Directions for this task
In the records that follow, find the line with "Elias Pettersson's 2nd"; from there, retype every line exactly through the line with "Used 2014 Ford Fusion S FWD image 19", which also belongs to the answer.
(Data records)
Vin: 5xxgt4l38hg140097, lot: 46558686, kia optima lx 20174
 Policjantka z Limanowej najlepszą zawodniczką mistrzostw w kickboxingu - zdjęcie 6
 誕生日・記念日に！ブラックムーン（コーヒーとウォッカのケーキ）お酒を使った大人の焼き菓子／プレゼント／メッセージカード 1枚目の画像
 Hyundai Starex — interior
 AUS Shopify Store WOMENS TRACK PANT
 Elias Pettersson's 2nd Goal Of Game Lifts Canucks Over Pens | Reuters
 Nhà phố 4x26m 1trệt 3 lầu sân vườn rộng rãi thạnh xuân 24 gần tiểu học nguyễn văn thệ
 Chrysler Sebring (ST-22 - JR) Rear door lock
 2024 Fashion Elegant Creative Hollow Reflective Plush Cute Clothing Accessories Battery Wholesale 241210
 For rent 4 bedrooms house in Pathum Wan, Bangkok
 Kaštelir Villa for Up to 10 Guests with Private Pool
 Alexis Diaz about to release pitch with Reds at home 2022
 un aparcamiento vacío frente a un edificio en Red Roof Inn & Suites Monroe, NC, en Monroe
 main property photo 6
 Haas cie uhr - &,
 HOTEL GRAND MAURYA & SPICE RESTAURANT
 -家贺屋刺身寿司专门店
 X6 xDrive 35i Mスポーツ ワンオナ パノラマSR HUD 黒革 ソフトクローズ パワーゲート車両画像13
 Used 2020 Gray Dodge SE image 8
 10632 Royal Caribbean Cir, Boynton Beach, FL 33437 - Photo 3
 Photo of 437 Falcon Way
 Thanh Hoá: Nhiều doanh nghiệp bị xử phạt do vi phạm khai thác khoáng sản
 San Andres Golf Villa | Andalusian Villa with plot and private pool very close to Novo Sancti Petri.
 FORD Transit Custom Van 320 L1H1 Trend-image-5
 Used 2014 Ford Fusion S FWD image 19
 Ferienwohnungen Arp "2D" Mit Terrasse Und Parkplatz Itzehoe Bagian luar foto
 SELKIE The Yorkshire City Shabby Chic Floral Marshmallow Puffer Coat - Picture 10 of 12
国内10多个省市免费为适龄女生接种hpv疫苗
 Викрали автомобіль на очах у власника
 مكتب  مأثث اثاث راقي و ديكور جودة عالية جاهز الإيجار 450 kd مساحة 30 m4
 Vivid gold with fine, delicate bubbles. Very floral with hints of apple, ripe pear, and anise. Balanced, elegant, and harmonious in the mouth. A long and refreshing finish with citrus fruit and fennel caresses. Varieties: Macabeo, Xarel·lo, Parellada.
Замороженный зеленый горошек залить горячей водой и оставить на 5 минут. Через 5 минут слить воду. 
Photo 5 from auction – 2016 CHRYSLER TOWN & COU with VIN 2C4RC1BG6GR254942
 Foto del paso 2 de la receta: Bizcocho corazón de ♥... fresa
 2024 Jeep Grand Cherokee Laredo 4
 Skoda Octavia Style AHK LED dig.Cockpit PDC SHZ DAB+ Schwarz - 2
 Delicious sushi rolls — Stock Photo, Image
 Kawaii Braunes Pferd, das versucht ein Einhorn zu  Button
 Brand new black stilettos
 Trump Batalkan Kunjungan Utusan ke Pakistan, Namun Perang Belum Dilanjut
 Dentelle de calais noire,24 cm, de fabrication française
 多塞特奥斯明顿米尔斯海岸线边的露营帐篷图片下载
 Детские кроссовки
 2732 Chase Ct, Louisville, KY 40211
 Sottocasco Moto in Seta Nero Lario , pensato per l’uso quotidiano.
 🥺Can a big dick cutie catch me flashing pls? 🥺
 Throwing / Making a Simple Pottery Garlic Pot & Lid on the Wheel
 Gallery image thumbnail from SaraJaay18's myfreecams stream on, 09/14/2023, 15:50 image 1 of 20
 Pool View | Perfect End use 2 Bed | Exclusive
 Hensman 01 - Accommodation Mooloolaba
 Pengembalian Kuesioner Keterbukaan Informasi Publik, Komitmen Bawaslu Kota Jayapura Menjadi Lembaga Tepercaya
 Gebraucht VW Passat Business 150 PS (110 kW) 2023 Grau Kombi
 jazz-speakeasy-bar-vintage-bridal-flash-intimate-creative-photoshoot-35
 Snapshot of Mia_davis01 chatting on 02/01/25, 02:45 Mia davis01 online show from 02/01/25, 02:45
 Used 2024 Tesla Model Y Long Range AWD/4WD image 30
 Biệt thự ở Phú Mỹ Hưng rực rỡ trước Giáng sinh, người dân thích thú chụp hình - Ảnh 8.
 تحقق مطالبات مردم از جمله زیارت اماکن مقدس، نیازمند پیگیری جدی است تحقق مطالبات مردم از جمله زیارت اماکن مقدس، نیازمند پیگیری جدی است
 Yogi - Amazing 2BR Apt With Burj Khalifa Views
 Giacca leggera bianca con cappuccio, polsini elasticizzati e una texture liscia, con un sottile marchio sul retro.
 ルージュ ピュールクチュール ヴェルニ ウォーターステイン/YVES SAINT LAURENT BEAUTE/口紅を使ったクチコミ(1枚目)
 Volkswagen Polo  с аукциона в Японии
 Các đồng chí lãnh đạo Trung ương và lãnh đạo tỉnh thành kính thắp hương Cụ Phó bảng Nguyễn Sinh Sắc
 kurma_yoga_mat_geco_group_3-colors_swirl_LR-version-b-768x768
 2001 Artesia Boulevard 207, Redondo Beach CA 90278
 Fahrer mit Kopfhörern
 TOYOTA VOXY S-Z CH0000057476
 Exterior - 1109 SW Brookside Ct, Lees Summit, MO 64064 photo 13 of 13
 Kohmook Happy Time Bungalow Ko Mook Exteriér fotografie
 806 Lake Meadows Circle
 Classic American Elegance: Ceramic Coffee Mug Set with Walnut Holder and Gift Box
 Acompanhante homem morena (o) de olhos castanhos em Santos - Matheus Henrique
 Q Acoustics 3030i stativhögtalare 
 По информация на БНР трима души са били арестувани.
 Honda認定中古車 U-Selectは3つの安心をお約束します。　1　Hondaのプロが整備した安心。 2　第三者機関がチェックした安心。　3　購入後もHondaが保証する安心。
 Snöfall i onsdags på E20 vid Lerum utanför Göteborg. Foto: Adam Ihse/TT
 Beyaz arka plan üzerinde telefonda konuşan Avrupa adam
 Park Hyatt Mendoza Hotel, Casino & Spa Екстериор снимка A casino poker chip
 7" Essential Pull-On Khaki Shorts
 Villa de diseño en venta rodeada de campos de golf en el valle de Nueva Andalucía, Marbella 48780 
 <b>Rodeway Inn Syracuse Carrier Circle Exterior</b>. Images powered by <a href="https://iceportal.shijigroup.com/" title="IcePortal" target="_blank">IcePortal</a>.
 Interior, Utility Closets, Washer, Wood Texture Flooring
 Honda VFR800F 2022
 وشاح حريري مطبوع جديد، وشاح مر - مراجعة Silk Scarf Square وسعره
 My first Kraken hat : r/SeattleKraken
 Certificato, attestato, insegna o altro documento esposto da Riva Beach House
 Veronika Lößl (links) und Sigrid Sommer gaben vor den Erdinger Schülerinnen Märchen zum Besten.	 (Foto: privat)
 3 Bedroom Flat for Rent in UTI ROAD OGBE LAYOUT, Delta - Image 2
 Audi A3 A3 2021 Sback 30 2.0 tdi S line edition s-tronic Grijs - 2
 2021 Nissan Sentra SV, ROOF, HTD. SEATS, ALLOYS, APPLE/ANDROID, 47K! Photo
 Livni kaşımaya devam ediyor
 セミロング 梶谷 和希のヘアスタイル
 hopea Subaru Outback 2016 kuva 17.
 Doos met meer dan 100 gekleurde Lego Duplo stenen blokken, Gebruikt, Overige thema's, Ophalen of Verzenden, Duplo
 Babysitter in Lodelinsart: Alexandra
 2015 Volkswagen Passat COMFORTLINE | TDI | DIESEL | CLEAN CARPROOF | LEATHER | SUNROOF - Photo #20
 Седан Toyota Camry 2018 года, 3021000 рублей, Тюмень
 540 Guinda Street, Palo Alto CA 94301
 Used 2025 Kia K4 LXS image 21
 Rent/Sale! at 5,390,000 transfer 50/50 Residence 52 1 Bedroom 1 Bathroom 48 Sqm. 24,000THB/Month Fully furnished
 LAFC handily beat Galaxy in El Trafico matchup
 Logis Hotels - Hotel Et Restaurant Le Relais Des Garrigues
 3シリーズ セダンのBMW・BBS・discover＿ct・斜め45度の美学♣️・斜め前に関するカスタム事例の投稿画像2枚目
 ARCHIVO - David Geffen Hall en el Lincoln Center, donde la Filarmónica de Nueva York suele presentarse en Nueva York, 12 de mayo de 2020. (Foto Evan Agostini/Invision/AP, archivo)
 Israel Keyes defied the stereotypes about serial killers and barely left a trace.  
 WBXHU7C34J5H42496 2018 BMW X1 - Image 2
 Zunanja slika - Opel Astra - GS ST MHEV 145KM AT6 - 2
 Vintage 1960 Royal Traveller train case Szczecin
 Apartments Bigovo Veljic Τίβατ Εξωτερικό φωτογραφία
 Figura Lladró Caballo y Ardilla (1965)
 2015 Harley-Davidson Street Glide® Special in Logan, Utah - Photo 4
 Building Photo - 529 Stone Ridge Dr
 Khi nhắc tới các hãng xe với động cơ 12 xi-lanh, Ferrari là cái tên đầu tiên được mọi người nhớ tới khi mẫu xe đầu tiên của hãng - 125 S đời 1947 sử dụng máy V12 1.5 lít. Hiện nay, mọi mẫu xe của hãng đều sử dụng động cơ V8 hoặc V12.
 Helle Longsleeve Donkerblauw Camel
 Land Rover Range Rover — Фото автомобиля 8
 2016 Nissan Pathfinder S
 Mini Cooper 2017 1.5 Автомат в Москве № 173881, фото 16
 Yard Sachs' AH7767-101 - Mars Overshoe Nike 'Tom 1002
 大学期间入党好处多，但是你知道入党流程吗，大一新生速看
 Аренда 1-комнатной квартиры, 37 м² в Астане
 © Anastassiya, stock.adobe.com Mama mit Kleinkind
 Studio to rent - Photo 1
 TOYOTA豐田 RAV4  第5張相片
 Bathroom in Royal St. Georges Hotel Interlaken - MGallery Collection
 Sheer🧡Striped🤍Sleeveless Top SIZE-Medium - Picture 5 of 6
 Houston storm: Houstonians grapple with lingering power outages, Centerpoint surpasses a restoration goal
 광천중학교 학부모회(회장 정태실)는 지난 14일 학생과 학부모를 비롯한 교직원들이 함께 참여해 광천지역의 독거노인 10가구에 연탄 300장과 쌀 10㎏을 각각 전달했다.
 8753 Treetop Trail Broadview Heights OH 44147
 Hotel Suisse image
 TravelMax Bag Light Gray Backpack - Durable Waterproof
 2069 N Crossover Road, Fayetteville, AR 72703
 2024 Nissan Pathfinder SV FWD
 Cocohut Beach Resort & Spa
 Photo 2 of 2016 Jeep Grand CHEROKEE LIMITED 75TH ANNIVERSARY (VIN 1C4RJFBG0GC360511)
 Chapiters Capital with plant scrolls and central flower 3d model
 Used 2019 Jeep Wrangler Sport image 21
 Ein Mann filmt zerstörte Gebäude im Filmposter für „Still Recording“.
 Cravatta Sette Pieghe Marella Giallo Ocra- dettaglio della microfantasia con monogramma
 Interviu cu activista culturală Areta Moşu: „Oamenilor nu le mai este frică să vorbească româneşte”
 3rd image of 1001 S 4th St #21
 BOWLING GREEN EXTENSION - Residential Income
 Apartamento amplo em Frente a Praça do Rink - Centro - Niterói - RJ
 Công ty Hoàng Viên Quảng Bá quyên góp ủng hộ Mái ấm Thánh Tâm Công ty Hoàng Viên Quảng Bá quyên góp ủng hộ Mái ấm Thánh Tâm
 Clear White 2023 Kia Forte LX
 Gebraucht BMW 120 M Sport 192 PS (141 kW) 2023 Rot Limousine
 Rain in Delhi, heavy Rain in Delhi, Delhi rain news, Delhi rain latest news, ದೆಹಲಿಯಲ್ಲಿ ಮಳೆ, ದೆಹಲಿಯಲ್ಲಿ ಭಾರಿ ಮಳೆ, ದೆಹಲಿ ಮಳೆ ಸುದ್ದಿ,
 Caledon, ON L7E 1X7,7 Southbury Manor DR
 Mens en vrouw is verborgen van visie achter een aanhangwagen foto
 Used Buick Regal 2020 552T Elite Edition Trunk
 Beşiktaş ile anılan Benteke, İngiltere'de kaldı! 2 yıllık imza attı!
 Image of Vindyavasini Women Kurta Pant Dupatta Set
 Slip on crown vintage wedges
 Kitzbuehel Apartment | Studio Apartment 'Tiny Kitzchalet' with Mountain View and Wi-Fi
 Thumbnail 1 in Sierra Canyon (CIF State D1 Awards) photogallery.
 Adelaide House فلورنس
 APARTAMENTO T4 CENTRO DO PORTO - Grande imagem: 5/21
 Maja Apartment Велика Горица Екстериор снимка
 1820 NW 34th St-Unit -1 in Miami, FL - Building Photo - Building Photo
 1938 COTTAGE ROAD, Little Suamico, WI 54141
(End Data records)
Answer to this problem
 Elias Pettersson's 2nd Goal Of Game Lifts Canucks Over Pens | Reuters
 Nhà phố 4x26m 1trệt 3 lầu sân vườn rộng rãi thạnh xuân 24 gần tiểu học nguyễn văn thệ
 Chrysler Sebring (ST-22 - JR) Rear door lock
 2024 Fashion Elegant Creative Hollow Reflective Plush Cute Clothing Accessories Battery Wholesale 241210
 For rent 4 bedrooms house in Pathum Wan, Bangkok
 Kaštelir Villa for Up to 10 Guests with Private Pool
 Alexis Diaz about to release pitch with Reds at home 2022
 un aparcamiento vacío frente a un edificio en Red Roof Inn & Suites Monroe, NC, en Monroe
 main property photo 6
 Haas cie uhr - &,
 HOTEL GRAND MAURYA & SPICE RESTAURANT
 -家贺屋刺身寿司专门店
 X6 xDrive 35i Mスポーツ ワンオナ パノラマSR HUD 黒革 ソフトクローズ パワーゲート車両画像13
 Used 2020 Gray Dodge SE image 8
 10632 Royal Caribbean Cir, Boynton Beach, FL 33437 - Photo 3
 Photo of 437 Falcon Way
 Thanh Hoá: Nhiều doanh nghiệp bị xử phạt do vi phạm khai thác khoáng sản
 San Andres Golf Villa | Andalusian Villa with plot and private pool very close to Novo Sancti Petri.
 FORD Transit Custom Van 320 L1H1 Trend-image-5
 Used 2014 Ford Fusion S FWD image 19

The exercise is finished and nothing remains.